The other way to get out of this problem is to learn how to value games as a trader, but that requires a lot of time investment.

Describe a solution

My proposal is to create a BarterValue for every game. While these values can be calculated by many machine learning approaches, my initial proposal is applying a simple Logistic Regression algorithm. Initial design can be found below:

  • We use the features of the game, such as number of wish listed, number of tradeables, current steam price, lowest ever price, was ever given away, steam rating, steam review count, etc.
    • This list can be improved by including grey market prices.
  • We also use the trader features, such as number of completed offers, number of received and declined offers, number of sent and declined offers

For sake of simplicity I will use only 2 values per game in my description nW (number of wishlist) and nT (number of tradeable) and 2 values per trader nS (number of sent offers) and nR (number of received offers).

The assumption we follow is if user A offered game X for game Y to user B and the offer is accepted we interpret that as:

  • User A says Value(X)>=Value(Y), since they offered the trade
  • User B says Value(Y)>=Value(X), since they accepted the trade

On the other hand, if user A offered game W for game Z to user B and the offer is rejected we interpret that as:

  • User A says Value(W)>=Value(Z), since they offered the trade
  • User B says Value(Z)<Value(W), since they rejected the trade

With these assumptions we create data rows as

nS(A),nR(A), nW(X), nT(X),nS(B),nR(B), nW(Y), nT(Y) -> TRUE
nS(B),nR(B), nW(Y), nT(Y),nS(A),nR(A), nW(X), nT(X) -> TRUE
nS(A),nR(A), nW(W), nT(W),nS(B),nR(B), nW(Z), nT(Z) -> TRUE
nS(B),nR(B), nW(Z), nT(Z),nS(A),nR(A), nW(W), nT(W) -> FALSE

We then run a simple logistic regression.

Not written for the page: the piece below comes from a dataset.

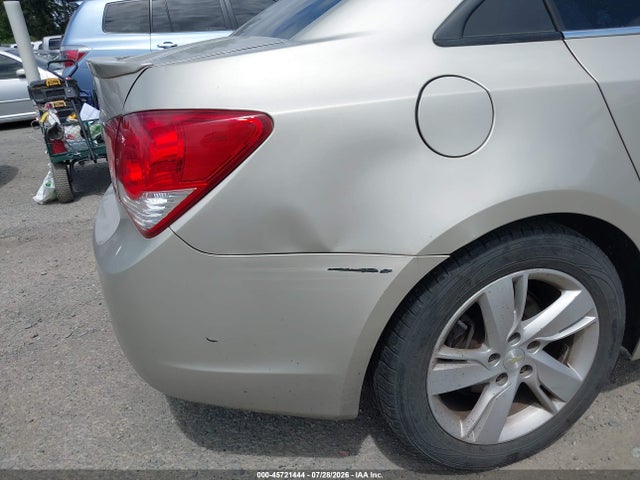 1G1P75SZ3E7464801 Chevrolet Cruze Diesel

Just to give the equations for the rejected trade above:

sig(C0+C1s*nS(A)+C2s*nR(A)+C3s*nW(W)+c4s*nT(W)- C1r*nS(B)-C2r* nR(B)-C3r*nW(Z)-C4r*nT(Z)) =1
sig(C0+C1s*nS(B)+C2s*nR(B)+C3s*nW(Z)+c4s*nT(Z)- C1r*nS(A)-C2r* nR(A)-C3r*nW(W)-C4r*nT(W)) =0

In the equation above C1s is the coefficient assigned to number of sent offers for the sender, and C1r is the coefficient for the offers sent for the receiver. Since we want those coefficients to be almost the same, we can add a regularization step to make sure they dont drift too far apart.

As soon as we have our logistic regression trained and we have the coefficients, we can easily calculate the value of a game by using its features. For example the value of game X will become: C2*nW(X)+C3*nT(X)

Having this feature would not only help people make easier evaluations, but also it can be used to generate most fair offers on BarterVG automatically.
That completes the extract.